Anything I am missing?

> Can't join describe() of DataFrame in Scala 2.10
> ------------------------------------------------
>
>                 Key: SPARK-16173
>                 URL: https://issues.apache.org/jira/browse/SPARK-16173
>             Project: Spark
>          Issue Type: Bug
>          Components: SQL
>    Affects Versions: 1.5.2, 1.6.1, 2.0.0
>            Reporter: Davies Liu
>
> descripbe() of DataFrame use Seq() (it's a Iterator actually) to create 
> another DataFrame, which can not be serialized in Scala 2.10.
> {code}
> org.apache.spark.SparkException: Task not serializable
>       at 
> org.apache.spark.util.ClosureCleaner$.ensureSerializable(ClosureCleaner.scala:304)
>       at 
> org.apache.spark.util.ClosureCleaner$.org$apache$spark$util$ClosureCleaner$$clean(ClosureCleaner.scala:294)
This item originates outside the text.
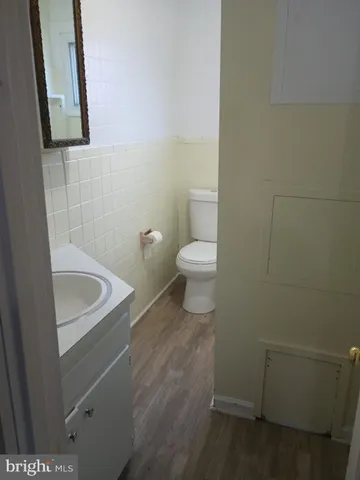 a bathroom with a toilet and a sink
>       at org.apache.spark.util.ClosureCleaner$.clean(ClosureCleaner.scala:122)
>       at org.apache.spark.SparkContext.clean(SparkContext.scala:2060)
>       at 
> org.apache.spark.rdd.RDD$$anonfun$mapPartitions$1.apply(RDD.scala:707)
>       at 
> org.apache.spark.rdd.RDD$$anonfun$mapPartitions$1.apply(RDD.scala:706)
>       at 
> org.apache.spark.rdd.RDDOperationScope$.withScope(RDDOperationScope.scala:150)
>       at 
> org.apache.spark.rdd.RDDOperationScope$.withScope(RDDOperationScope.scala:111)
>       at org.apache.spark.rdd.RDD.withScope(RDD.scala:316)
>       at org.apache.spark.rdd.RDD.mapPartitions(RDD.scala:706)
>       at 
> org.apache.spark.sql.execution.ConvertToUnsafe.doExecute(rowFormatConverters.scala:38)
>       at 
> org.apache.spark.sql.execution.SparkPlan$$anonfun$execute$5.apply(SparkPlan.scala:132)
>       at 
> org.apache.spark.sql.execution.SparkPlan$$anonfun$execute$5.apply(SparkPlan.scala:130)
>       at 
> org.apache.spark.rdd.RDDOperationScope$.withScope(RDDOperationScope.scala:150)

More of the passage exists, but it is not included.